Dei 110 citati, 67 sono stati uccisi nell’adempimento del loro lavoro mentre 43 hanno perso la vita in circostanze avvolte dal mistero. Un fatto ancora più preoccupante, sottolinea l’organizzazione, perché elimina il discrimine tra il rischio assunto con consapevolezza dagli inviati di guerra e i 'semplici cronisti' che operano in Paesi non in guerra ma dove la criminalità teme la stampa. Nel calcolo risulta anche la perdita di 27 "citizen journalist" non professionisti, e sette tra cameramen, fonici e tecnici. La minaccia principale viene dai cosiddetti "gruppi non statali" come i jihadisti dell'Isis.
I Paesi più a rischio per svolgere la propria professione di giornalisti sono: Iraq (11 morti) e Siria (10) seguita dallo Yemen (8 morti) dove è in corso una guerra civile tra sunniti sostenuti da Riad e ribelli sciiti Houthi appoggiati dall'Iran. Anche la Francia, nella conta, con le 8 vittime dell'attacco al settimanale satirico 'Charlie Hebdo' del gennaio scorso. Seguono l'India con 9 morti e il Sud Sudan (7 vittime). Il Messico sarebbe uno dei Paesi più pericolosi al mondo per chiunque, civili inclusi, dove i narcos controllano intere aree del Paese. Lì i giornalisti morti sono stati 8, nelle Filippine 7, così come in Honduras.

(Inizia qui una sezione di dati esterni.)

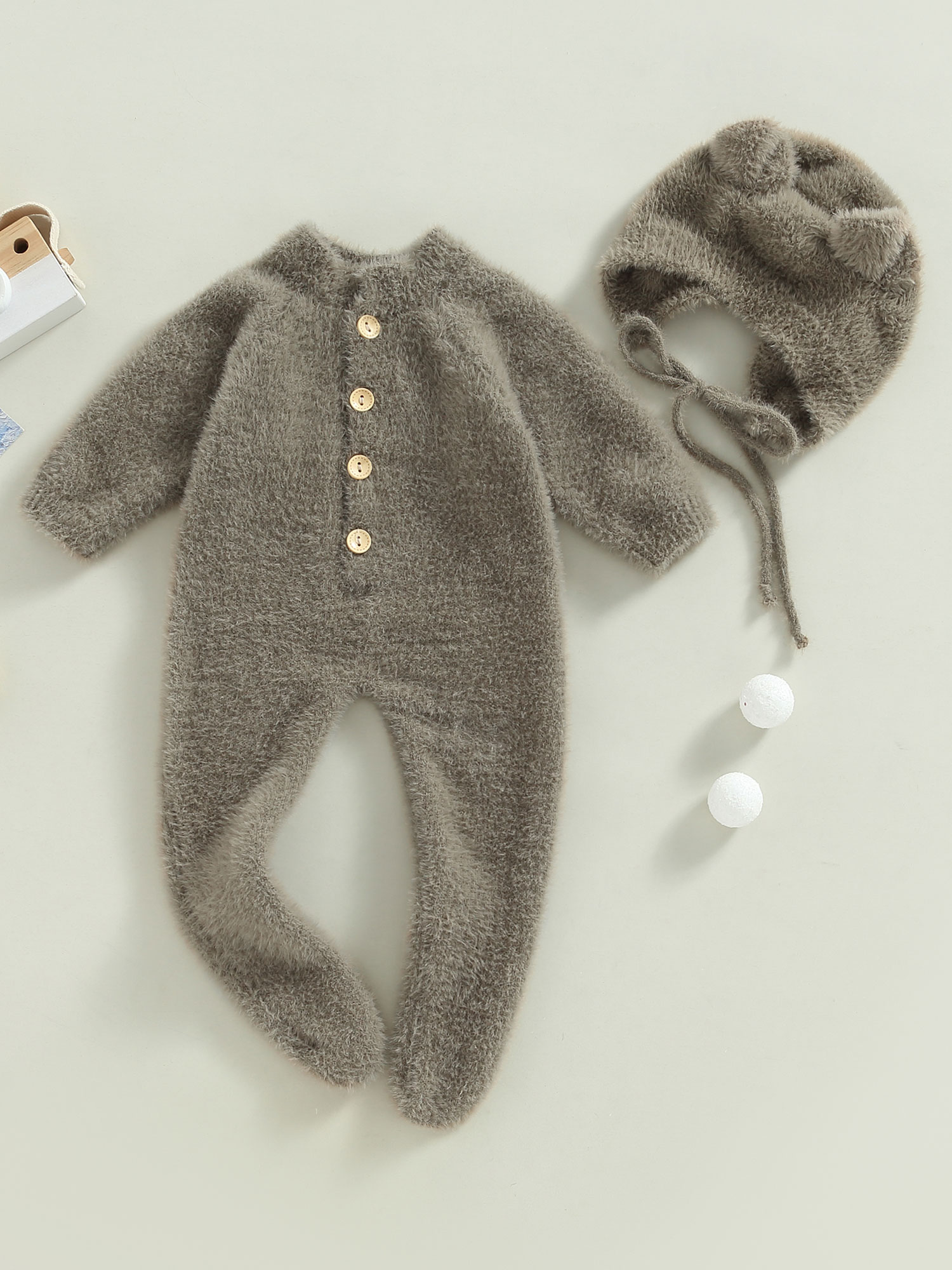 Arvbitana Infant Baby Girl Boy Plush Jumpsuit Long Sleeve Round Neck Button Closure Solid Color Playsuit  + Hat Winter Warm One Pieces Clothes for Infant 2Pcs 0-24M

Altissimo, inoltre, il numero di reporter rapiti e tenuti in ostaggio, ben 54 di cui 26 in Siria, 13 in Yemen, 10 in Iraq e 5 in Libia. Sono invece 154 i giornalisti finiti in prigione per aver svolto il loro lavoro: 23 in Cina, 22 in Egitto, 18 in Iraq, 15 in Eritrea, 9 nella Turchia del presidente Recep Tayyip Erdogan che ha fatto arrestare giornalisti e chiudere testate. Gli altri 69 reporter sono detenuti in carceri nel resto del mondo.